Suttner, an academic, was one of a small number of white South Africans who were imprisoned for their efforts to overthrow the government during apartheid. He was first arrested in 1975, serving eight years for his underground activities with the ANC and SACP. Three years after serving his first prison sentence he was again imprisoned when a State of Emergency was declared, allowing detention without trial. He spent 27 months in prison, with the majority of this time in solitary confinement, as white prisoners were kept separate from the rest of the prison poluation. Upon his eventual release from prison in 1988, Suttner was placed under house arrest for a further two years, until the unbanning of the ANC in 1990.

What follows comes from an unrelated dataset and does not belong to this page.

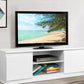 Dyre 120cm TV Entertainment Unit - White - White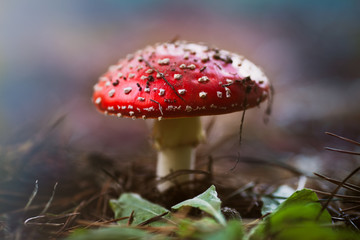 fly agariс broken through the soil in forest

While awaiting trial in 1975, Suttner was held at the Durban Central Prison, which now forms part of the Durban Liberation Heritage Route. Below is an extract from Suttner’s book, which describes the period around his time in ‘Sentele’:
I was initially charged under the apartheid regime’s Terrorism Act on August 3 1975. But this was merely a formality. The actual trial would start two months later, with the charges formulated under the Internal Security Act.
Just before being charged, I was given fresh clothes and taken for a haircut. I also decided to have my beard shaved off, since it might make me look more respectable in the eyes of a white South African judge. I also wanted to appear as dignified as possible, as I was a representative of the liberation movement.

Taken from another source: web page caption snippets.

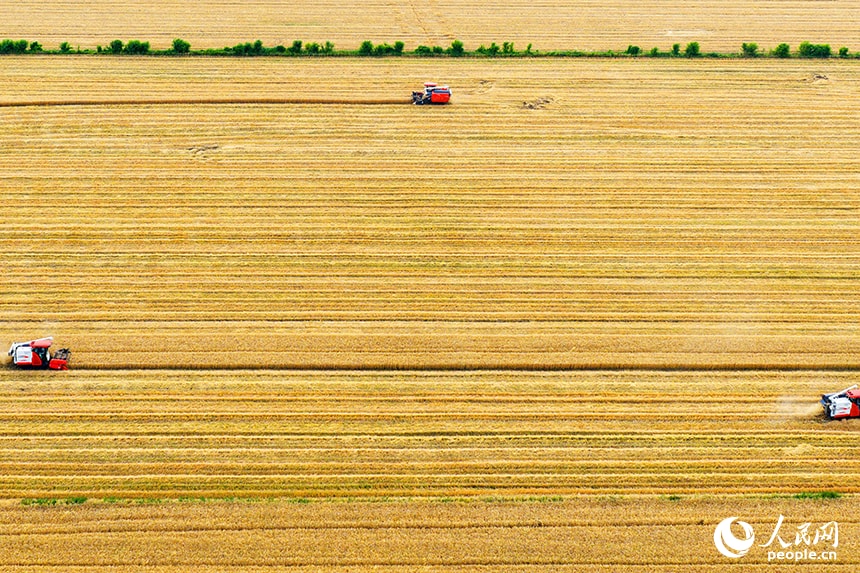 Chaisang District Wheat Harvest Jiangxi (photo 3 of 4)
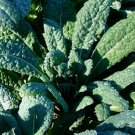 250 Lacinato Kale Seeds Italian Dinosaur Kale Non-Gmo Cruciferous Planting USA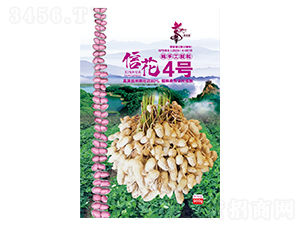 �Ż�4��-��������-��һ��ҵ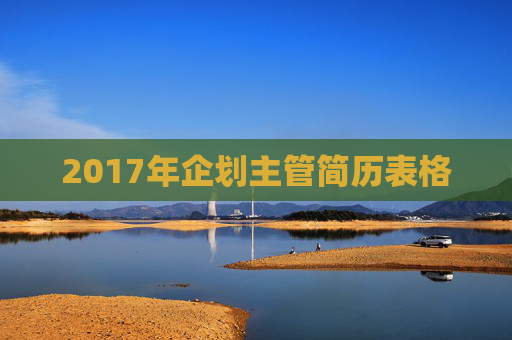 2017年企划主管简历表格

Two things changed after I was charged and returned to the Durban Central prison. I now had access to lawyers and could see visitors for 30 minutes, twice a week.
Although aspects of my conditions were better than I had expected, I was impatient to have my trial settled and know my sentence so I could adapt to the life that lay ahead.
It was pleasant, as well as unsettling, to be visited by friends, and for them to send me food and fruit, which was allowed prior to sentencing. This made life easier, but I kept on thinking that I should not get used to such “luxuries”.
Although not yet a sentenced prisoner, I started to get a glimpse of what lay ahead of me. I saw the various ways in which prison rules try to rob prisoners of their individuality. There were constant invasions of privacy and attacks on the dignity of prisoners. One little thing that immediately struck me was the “Judas hole” on the door.
Any passerby could look into my cell whenever it took his fancy and sometimes other prisoners would do so, and shout obscenities at me. I felt, then, a peculiar sense of powerlessness. I could not see much of the outside from inside the cell, but anyone looking in could see as much as they liked and deprive me of any semblance of privacy. It was sometimes quite intimidating to have a person I could not see shouting threats at me from outside the cell.
From early on I noticed the prison noises, the occasional silences, broken by terrible noises, the banging of steel doors, jingling of keys, shouting and swearing of warders. No prison official speaks softly. Officers would shout at warders and warders always shouted at prisoners.
At this time, I was preoccupied with preparing my statement from the dock. There was not a lot I could say in my defence. Purely in terms of the law, the case against me was cut-and-dried.
In a letter to my grandmother, which was dated August 18, 1975, I wrote:
Generally I do not feel very depressed here. It is a great waste to have to spend this time locked away and conviction for a minimum of 5 years will mean that – but I cannot pity myself in this context: there are others who have far longer sentences and also went to prison around my age. Though I do not want to go to gaol, this does not mean that I have any regrets for what I have done – I would do everything, but more again. That I have done insufficient is what I regret.
This passage is written in the tone of the revolutionaries I studied and tried to emulate. It is also a good example of my tendency to deny my own pain precisely because I knew others were experiencing worse. ANC leader Nelson Mandela had been sentenced to life imprisonment. Therefore, I chose to say nothing about my own suffering.”
Raymond Suttner is a scholar and social and political analyst based in Johannesburg. He is currently a visiting professor and strategic advisor to the Dean of Humanities at the University of Johannesburg, and Professor Emeritus at the University of South Africa.